Tout avait commencé quelques jours plus tôt à Vailhourles, petit coin de campagne où l’absence se remarque vite. Une femme de 40 ans ne se présente pas à son travail, son fils n’apparaît pas au collège. Un proche donne l’alerte. Le procureur de Rodez ouvre alors une enquête pour « enlèvement et séquestration de plusieurs personnes », tandis que les recherches s’intensifient autour de l’entourage de l’ancien fonctionnaire.
Rapidement, les manques s’accumulent et dessinent une scène inquiétante. Le suspect, domicilié à Savignac, est introuvable, comme sa nouvelle compagne et leur bébé. Dans ce genre d’affaire, chaque heure compte et chaque trajet possible devient une piste, jusqu’à franchir les frontières. Les enquêteurs français diffusent un appel à témoins, relayé dans la péninsule Ibérique, avec l’appui des autorités portugaises.
Deux corps enterrés, l’enquête change d’échelle
Mercredi, la police judiciaire portugaise annonce avoir retrouvé au Portugal deux corps « présumés être ceux de la compagne et de l’ex-compagne du citoyen en question ». Les dépouilles, selon le communiqué, étaient enterrées « dans un endroit isolé ». L’ex-femme est la mère du garçon de 12 ans, la nouvelle conjointe celle de la fillette, un rappel glaçant de la proximité entre les victimes et le suspect.

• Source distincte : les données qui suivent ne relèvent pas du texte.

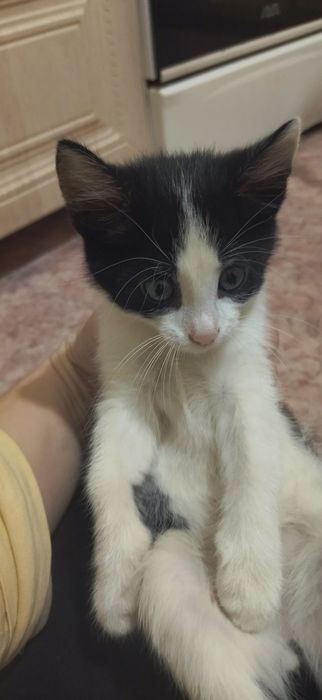 Отдам котенка (мальчик)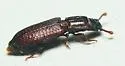 Pycnomerus sulcicollis - photo 2
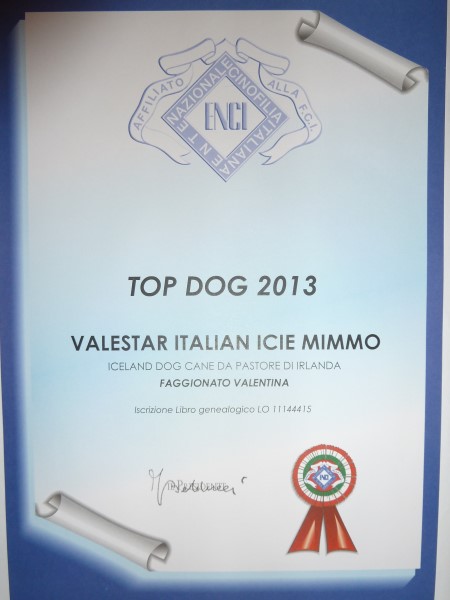 Mimmo Topdog 2013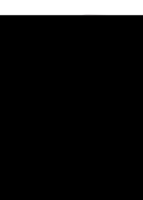 ALLIUM SATIVUM D 12 Dilution - 20ml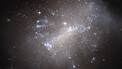 Pan: A dishevelled irregular galaxy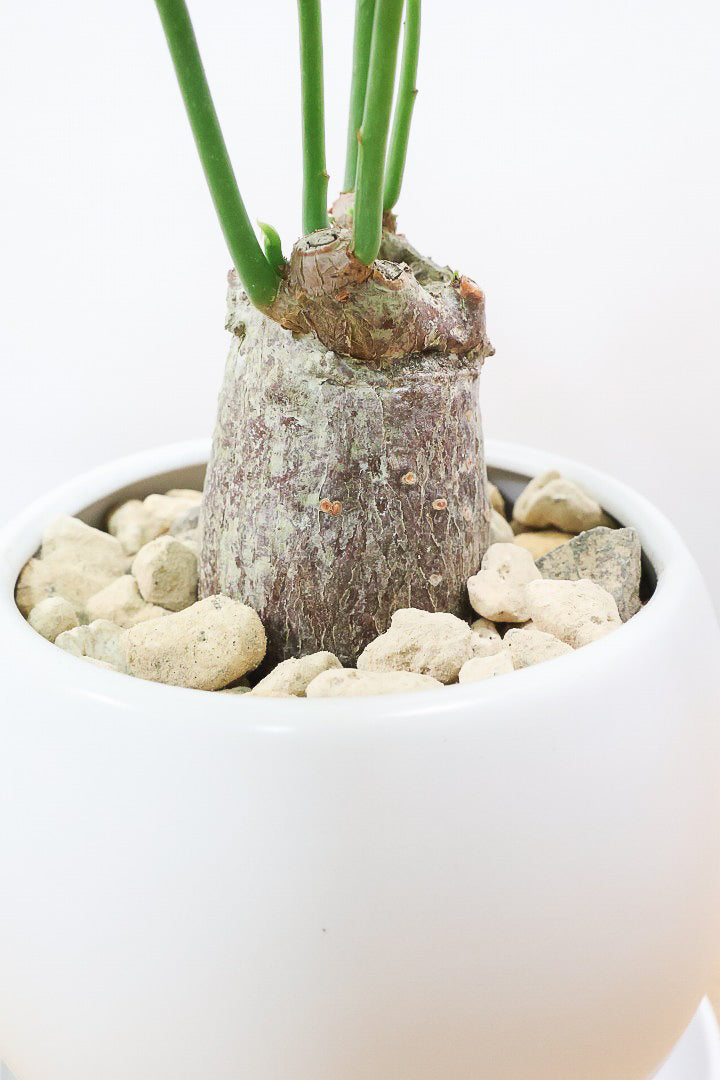 【パキラ】かわいいフォルムの幹！控えめにいっても幹のカタチがかわいいと思います！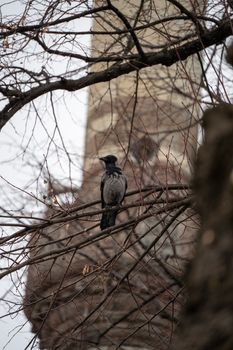 crow photo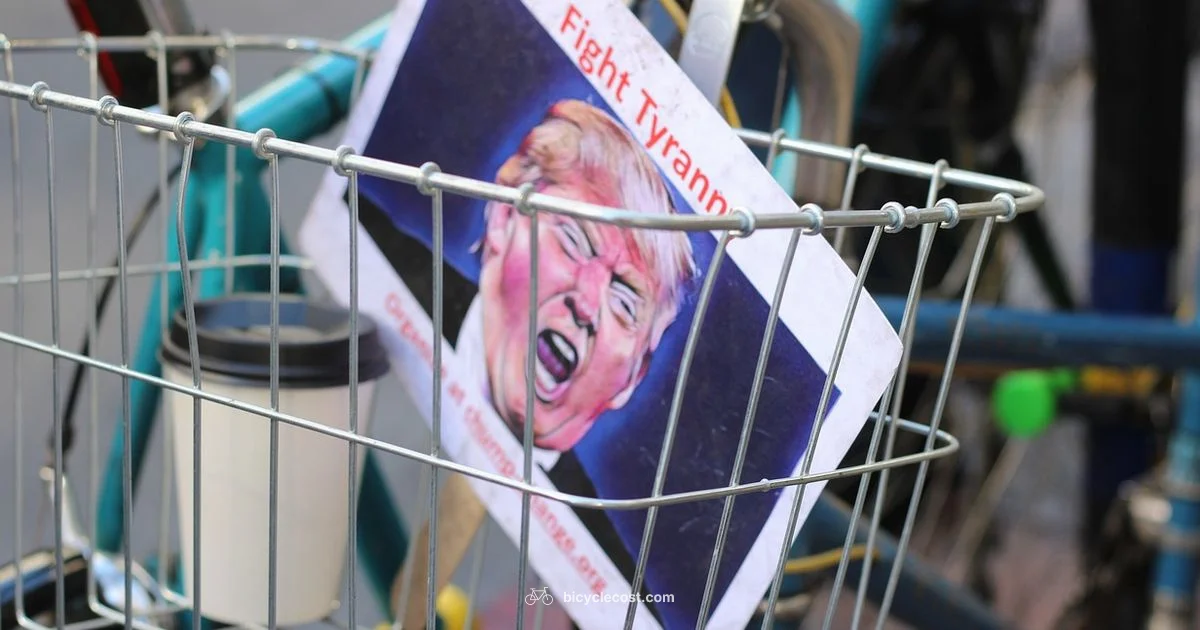 Noun Grammar Guide - BicycleCost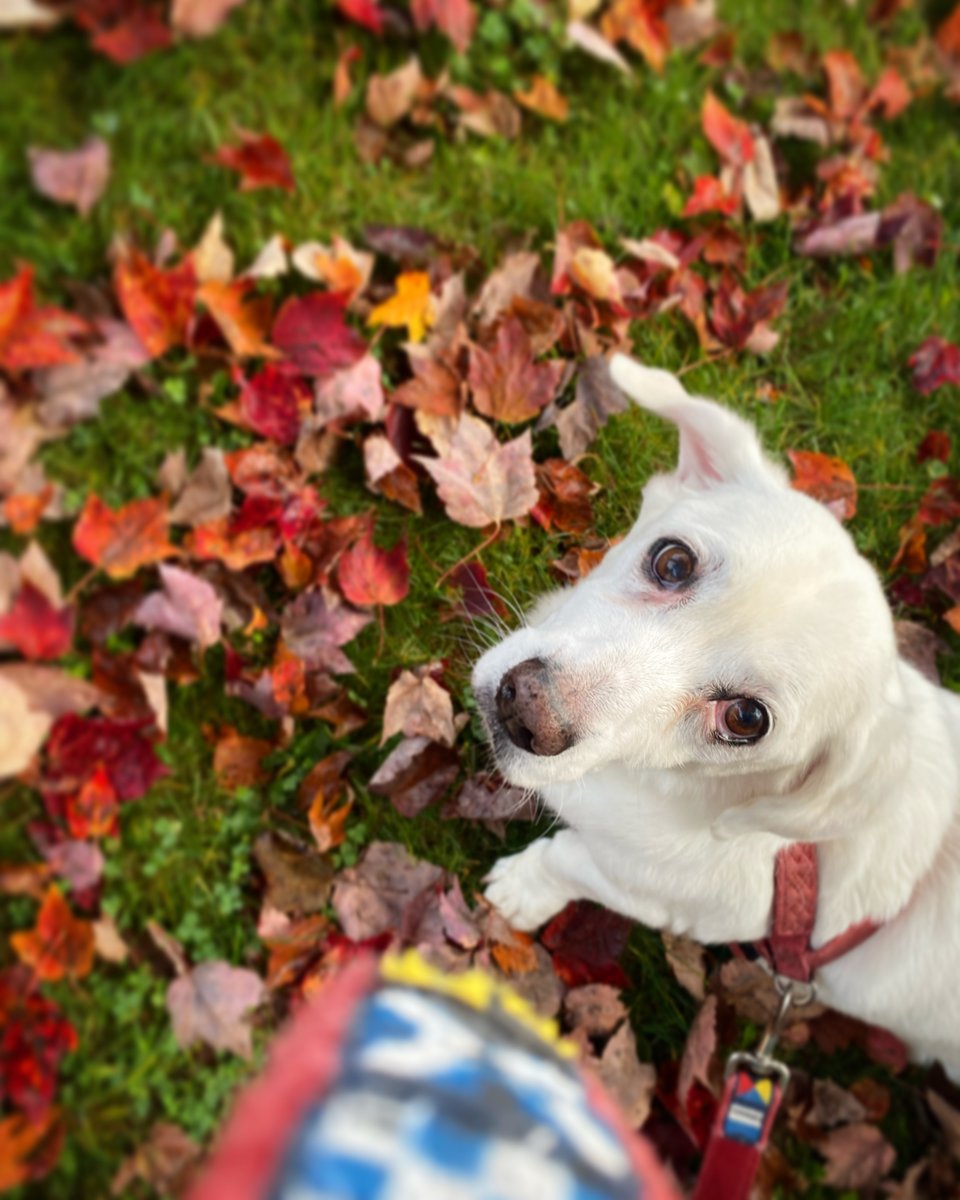 We lost dear Fletcher a few days ago. He was 16.5 years old. Lived with me for 12 of those years. Fletch was funny, sweet and the best writing partner ever. #adoptdontshop #rescuedogs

L’interpellation, elle, s’est déroulée à Mêda, dans le nord-est du Portugal, près de la frontière espagnole. D’après les premiers éléments communiqués, Cédric P. portait une arme au moment de son arrestation et a été placé en garde à vue. Cette précision pèse lourd, parce qu’elle renvoie à une maîtrise des codes et des risques, celle d’un ancien policier, et à la question lancinante de ce qu’il comptait faire ensuite.
Reste maintenant le temps judiciaire, plus lent, plus méthodique, celui qui doit dire comment et quand ces deux femmes sont mortes, et ce qui s’est joué durant la disparition. Les modalités de prise en charge des enfants, leur situation à venir et les éventuelles remises aux autorités françaises seront aussi au coeur des prochaines étapes. Entre la coopération internationale et les expertises à venir, l’affaire entre dans une phase où les faits, enfin, vont devoir parler.